Thomas Hlongwane, president of the South African Principals’ Association in Gauteng, which has about 400 members, made the proposal to Motshekga during a meeting last Saturday. He said Motshekga told him that she would take the matter to the National Coronavirus Command Council (NCCC), which is only meeting this week.
Schools are due to close on July 9 and reopen on July 26.
“We are saying July 9 is too far away.

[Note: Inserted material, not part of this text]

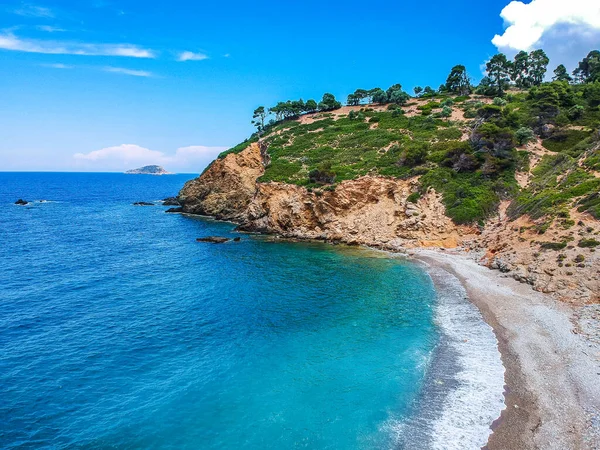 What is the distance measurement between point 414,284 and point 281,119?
81.8 m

Any date before then will be acceptable,” Hlongwane said.
He said he had also asked Motshekga for an extra week’s holiday for Gauteng schools “to buy time for the peak [of the third wave] to be reached and for the situation to normalise”.
During a media briefing by the Gauteng Provincial Command Council on Thursday, premier David Makhura said they were calling for “stricter, targeted and localised restrictions for the next two weeks”.
He added: “Though experts have advised that schools are contributing an insignificant amount in community transmissions, we are closely monitoring the situation.”
The total number of Covid infections in Gauteng schools increased by 2,776 to 4,706 between February 15 and June 17, and to 7,482 by June 23.
The number of affected schools in the province increased from 2,958 to 4,278 between February 15 and June 23.
The number of teachers infected increased from 1,509 to 2,321.
Anthea Cereseto, CEO of the Governing Body Foundation, said that if the Gauteng health and education departments did not act speedily to close schools with high infection rates, “it may be necessary to close all the schools to allow this wave to pass”.
“It was brought up [in the meeting with Motshekga] that … getting permission to close schools from the departments of health and education is taking too long. You can’t wait a week for these decisions because in that week you are allowing the spreading of the infection.”
Jaco Deacon, acting CEO of the Federation of Governing Bodies of South African Schools, said he was not in favour of the blanket approach of closing all schools in Gauteng as it would not be fair to pupils.
“If the hotspot is in Johannesburg South, close the school there, while if schools in Pretoria West can continue, let them stay open,” he said.
Matakanye Matakanya, general secretary of the National Association of School Governing Bodies, said they did not support Hlongwane’s proposal because school closures would “disadvantage the poorest of the poor and the township schools”.
He said he supported Motshekga’s differentiated strategy, according to which school closures should be handled “on a province-by-province, school-by-school basis”.
Motshekga said during a media briefing last Saturday that schools must remain open and that most of the more than 25,000 schools were stable.
“We will, however, take guidance from structures such as the ministerial advisory committee, NCCC and cabinet on this matter as part of a wider approach in the fight against Covid,” she said.